We thank the many gentle readers who have alertly alerted us that Uncle Sugar has heard our plea.
Yes indeed, boys and girls, the Federal Government, according to the highest and truest vision of the Founding Fathers, looks set to offer you cash to replace your old dishwasher with a brand new, energy-saving one. Same goes for other appliances. White goods are now officially green, as well as red, white and blue. Looks like you might get as much as $300, which could buy you a whole lot of part of an appliance.*
Now, please note that that the $300 is 1% of a citizen's individual share of the Obama budget's deficit over the next ten years. And that's per individual--adults and children included--not per household. So for every dollar that our friends in Washington borrow on our behalf, we'll get back a shiny penny for an appliance. And that's not a percentage of spending that includes tax revenue per citizen, just federal borrowing per citizen. What a deal! It's nearly as good as all those cash-back offers made by credit card companies. Just don't ask for your change.
As part of the brilliantly conceived economic stimulus program, cash for clunkers is creating widespread prosperity where once all humanity stood on the precipice of unending economic depression. Economic indicators show the recession bottoming out. And so far, only a fraction of the stimulus money, equal to about 1% of GDP, has been spent! That's how stimulating government can be when it's in the hands of the Right People.

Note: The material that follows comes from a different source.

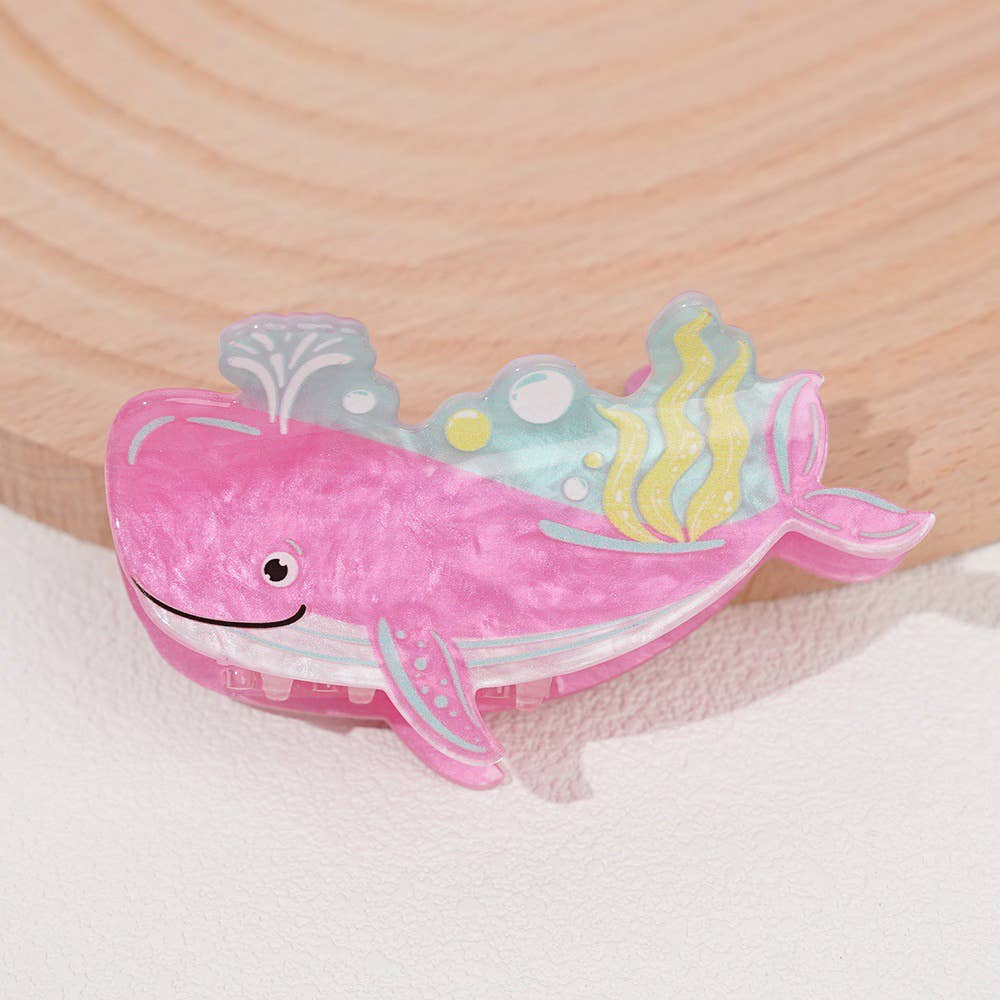 Pink Whale Claw Clip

Attention, Obamanoids: our request for cash for appliance clunkers was yet another example of sarcasm. Kindly stop reading this blog for policy advice until you've studied up on how such discourse functions. Read Swift or Ezekiel or some old Mad magazines while you're relaxing at Martha's Vineyard.
*On the side, Mr. President and fellow Dems, our air conditioner, likely covered by the upcoming appliance-clunker program, is over 25 years old. It clunks. And thanks to a quirk in our house's construction, we actually have two units. Looks like about $6k job to replace the mess. Could you kindly raise the amount offered in your generous program so that we can recover a little more than what we'll get from a coupon in the "Red Plum" packet left on our porch this weekend? Maybe if we go to a town hall meeting and tell a touching story about sweating through the summer without a way to pay?